I have a 2012 Cruze 1lt manual. I am covered under warranty yet. ~57000 miles. 

This just started last night. I'm noticing a whine/slight grind in the transmission during downshifting into 2nd from 3rd. The noise goes away when the clutch is fully engaged and fully disengaged. It only happens while I'm releasing the clutch into second. Anyone have any ideas what might be causing this?


----------



## 2015cruzer (Dec 13, 2015)

get it checked if its still under warranty. if im not mistaken, i believe most of the transmission is not servicible, which means there is not much they can do to they transmission internally, if they determine its in the transmission they just replace it.


----------



## slimy_turtles (Feb 7, 2015)

That's my plan.
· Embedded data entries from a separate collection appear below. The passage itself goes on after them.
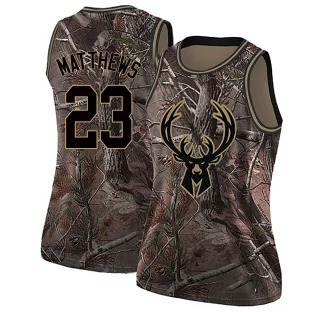 Women's Wesley Matthews Milwaukee Bucks Camo Swingman Realtree Collection Jersey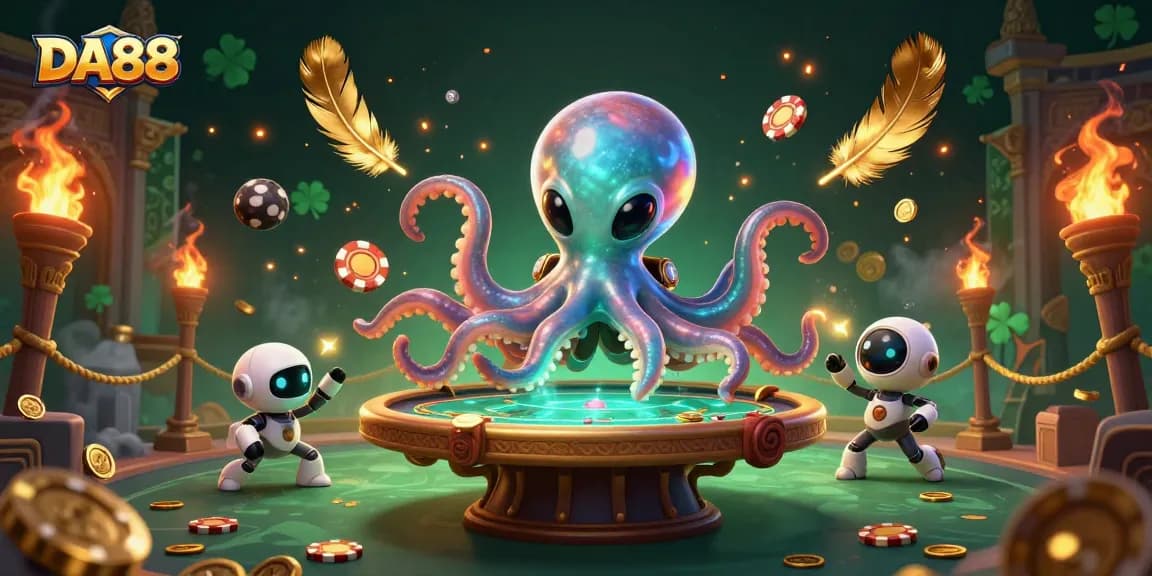 DA88 features an alien octopus competing at poker with a vibrant, cosmic backdrop.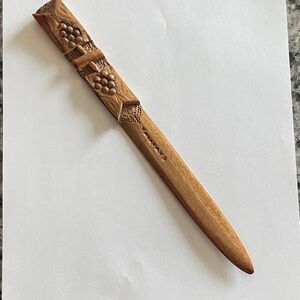 Vintage Hand-Carved Wooden Letter Opener - Grape & Cross Motif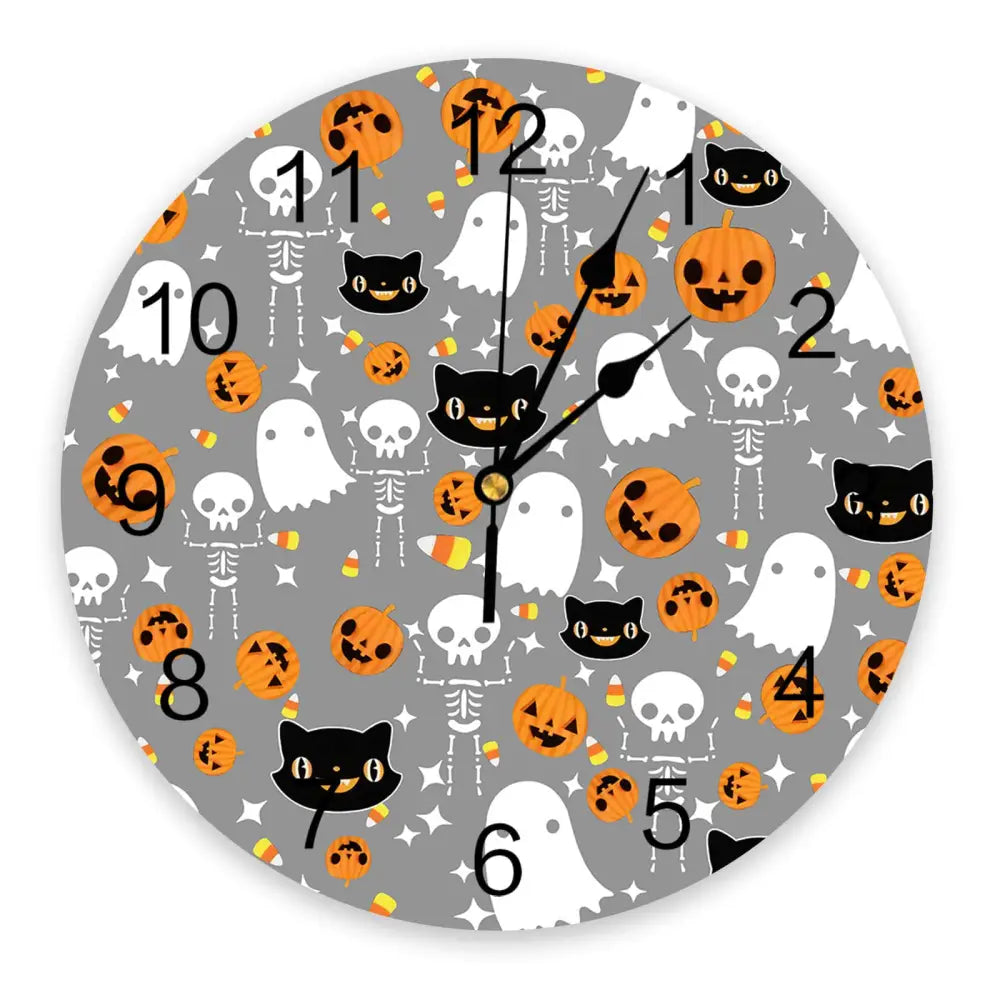 Horloge Chat Halloween - 25 cm - Horloge Chat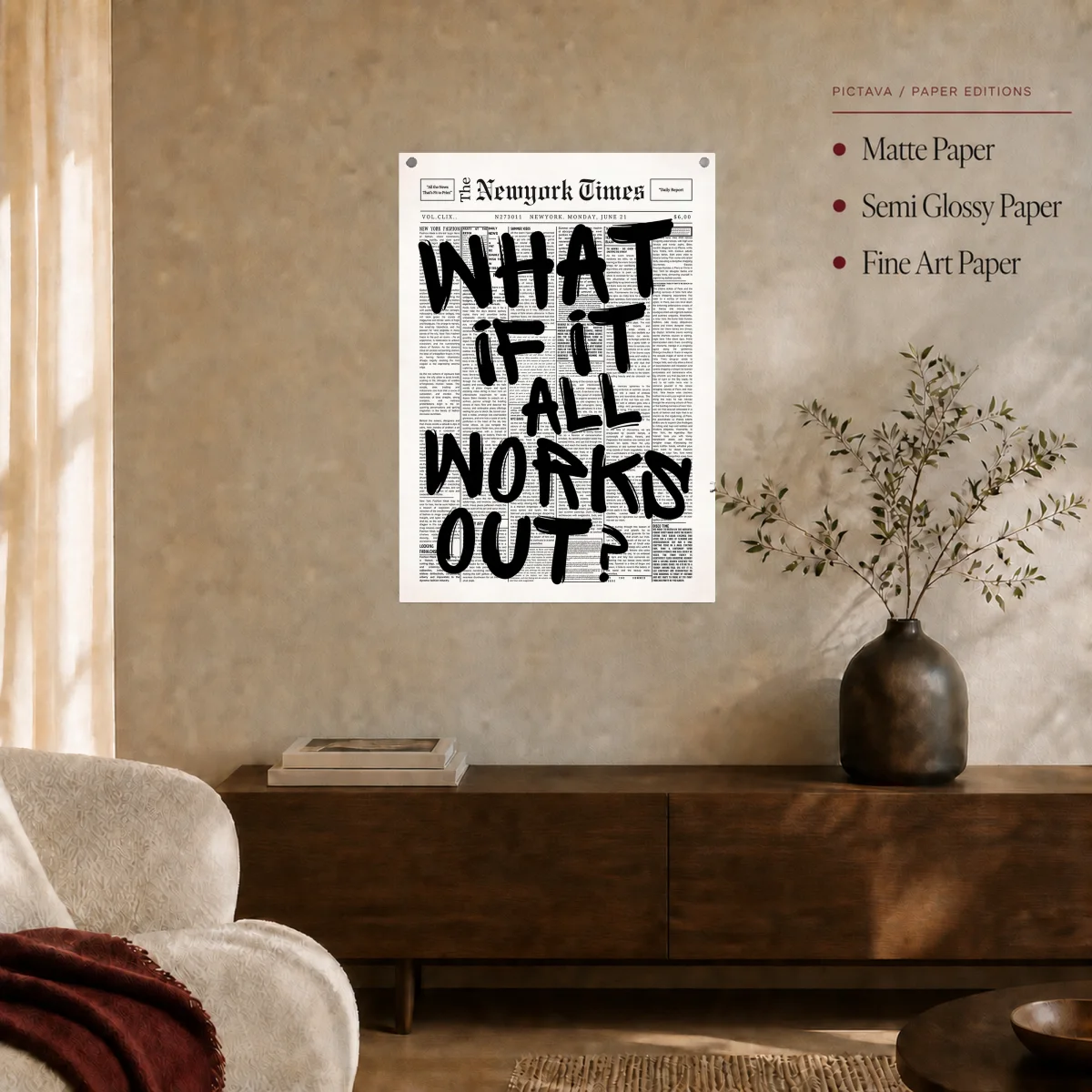 What If It All Works Out Newspaper Print — poster room mockup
I was just curious if anyone knew what my issue might be.


----------



## Merc6 (Jun 8, 2013)

Yeah I had a whine any gear all speeds and they were gonna pop it open to look and see if they could find out what broke. GM said don't bother, just replace.


----------



## lonewolf04 (May 6, 2016)

Same year with 52k on it. Just for grins stay in second up to about 3k rpms and let off the gas and let it coast. You will probably hear it then too. Mines doing the same thing, doesn't matter if the clutch is released or engaged though, still whines. Definitely taking it to the dealer when I get a chance. Changed the fluid out and no change either.


----------



## Chevy Customer Care (Oct 29, 2011)

lonewolf04 said:


> Same year with 52k on it. Just for grins stay in second up to about 3k rpms and let off the gas and let it coast. You will probably hear it then too. Mines doing the same thing, doesn't matter if the clutch is released or engaged though, still whines. Definitely taking it to the dealer when I get a chance. Changed the fluid out and no change either.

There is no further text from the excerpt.